LMM analysis workflow
You do not need to memorise these steps. This page is here so you can refer to it while working through LMM analyses for your DAPR reports, minidissertations, and dissertations.
You won’t need to use every step below for every analysis, and they don’t need to be in this specific order either. This is just the order Elizabeth usually uses 😊
Think of these steps like a buffet to pick and choose from, depending on what your analysis needs.
Phase 0: Before collecting data (if applicable)
- Run a power analysis to see how many people you’ll need to gather data from, given the effect size you expect to see or the smallest effect size that’s still theoretically interesting.
Phase 1: Before model fitting
1a: Set up your code and data
- Load the required R packages. You’ll probably need at least:
tidyverse(for managing and wrangling data)lme4(for fitting LMMs)lmerTest(for displaying p-values for the fixed effect coefficients)stats(forxtabs(), useful for identifying possible random slopes)HLMdiag(for computing influence diagnostics)effects(for plotting model-fitted values)
- Read in your data.
- Tidy data (e.g., any missingness, any implausible values? are data types set correctly?).
1b: Set up the fixed effects
- Based on the RQ, identify your outcome variable and the predictors (aka the fixed effects).
- Based on the RQ, decide whether your model requires an interaction between predictors.
- Based on the outcome variable, decide whether to use regular regression or logistic regression.
- Set up categorical predictors. (e.g., factor levels? which a priori coding scheme?)
- Set up continuous predictors. (e.g., any transformations?)
- Explore patterns in the fixed effects by plotting outcome and predictor variables together. (It’s most reader-friendly to plot the transformed version of the data, the version that you’ll also be modelling.)
1c: Set up the random effects
- Identify grouping variables which contribute random variability to your data. Your model will have random intercepts for each of these grouping variables.
- Describe the randomly-varying grouping variables (so that the reader knows how well your analysis might generalise).
- Identify the random slopes that your model can contain.
- Write out the formula for your maximal model.
Phase 2: Model fitting and troubleshooting
- Try fitting the maximal model to the data.
- If you get a convergence warning: Try a different optimiser and fit model again.
- If you get a convergence or singular fit warning: Simplify random effect structure and fit model again.

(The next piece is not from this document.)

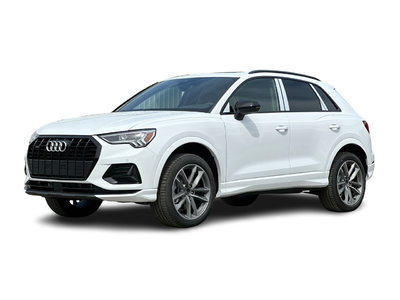 2025 Audi Q3 in Vancouver, British Columbia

- If you get a suggestion to rescale variables: Convert continuous predictor(s) to z-scores and fit model again.
- Even if you get no warnings, manually check variance components for sneaky singularities.
Phase 3: After model fitting
3a: Check assumptions and diagnostics
- Check model assumptions.
- see Check assumptions flash card
- If model assumptions about normality/equal variance of errors are violated, bootstrap model estimates.
- see DAPR2 bootstrapping flash card for how to bootstrap simple linear models.
- for bootstrapping LMMs (not covered in DAPR3), you could try
lme4::bootMer()(documentation here).
- Run diagnostics for multicollinearity.
- Run diagnostics for influential observations and levels of grouping variables.
- If you find extreme influential observations/groups: run sensitivity analysis.
3b: Plot and interpret model estimates
- Plot model-fitted values.
- Interpret the fixed effect estimates.
- Plot random effects.
- Interpret SD of random effects relative to fixed effects.
- Interpret correlations between intercept and slope adjustments.
3c: Write up methods and results
- Write up your analysis and results.